The Obit For Marius Russo

04/04/2005 3:34 PM ET
Former Yankees pitcher Russo dies
Left-hander dies from heart failure at age 90

FORT MYERS, Fla. (AP) -- Marius Russo, a former New York Yankees pitcher who played for four pennant-winning teams and two World Series champions, has died at age 90.
A left-hander who pitched for the Yankees from 1939-43 and in 1946 after he returned from military service, Russo died March 26 from heart failure after battling various illnesses, his wife, Stasia, said Monday.

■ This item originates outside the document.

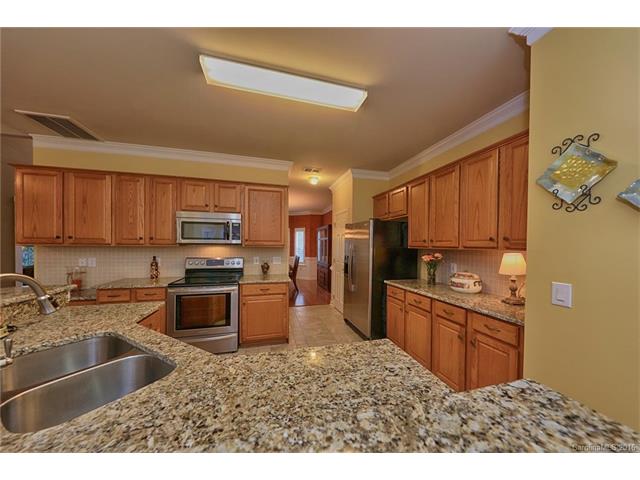 428 Glencrest Dr, Stanley, NC 28164 photo 8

The Brooklyn native was signed out of Long Island University. His best seasons were 1940 and 1941, when he won 14 games each year. He finished with a 45-34 record and a 3.13 ERA and was an All-Star in 1941.

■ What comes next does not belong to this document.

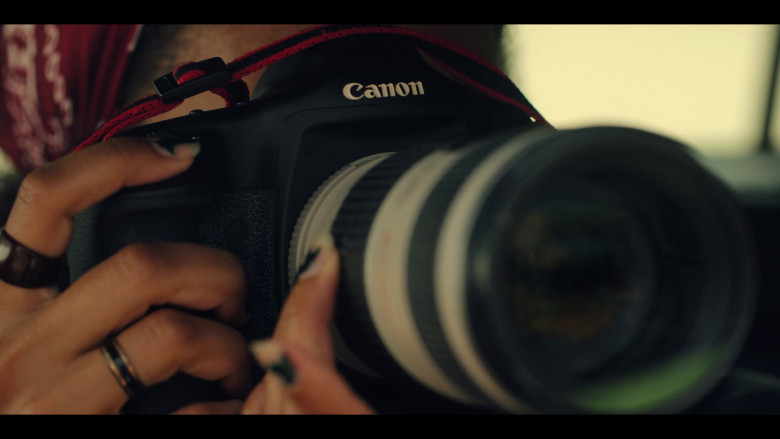 Canon EOS Cameras in Black Mirror S06E04 "Mazey Day" (2023) - 379105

He picked up complete-game victories in the World Series in 1941 against the Brooklyn Dodgers and in 1943 against the St. Louis Cardinals.

He is remembered for hitting a line drive in Game 3 of the 1941 World Series that caromed high off the leg of Dodgers pitcher Freddie Fitzsimmons, breaking his knee. The Yankees then came from behind off Fitzsimmons' replacement, Hugh Casey, winning the game, 2-1, behind Russo's four-hitter. The Yankees won the series in five games.

Russo pitched a seven-hitter in the Yankees' 2-1 victory over the Cardinals in Game 4 of the 1943 World Series, doubling and scoring the go-ahead run in the eighth inning.

Russo was later an executive with Grumman Aircraft on Long Island, where he lived for 62 years before moving to Fort Myers about four years ago, his wife said.

Besides his wife of 65 years, Russo is survived by his daughters, Carole Sassatelli, of Phoenix, and Marian Markovich, of Fort Myers.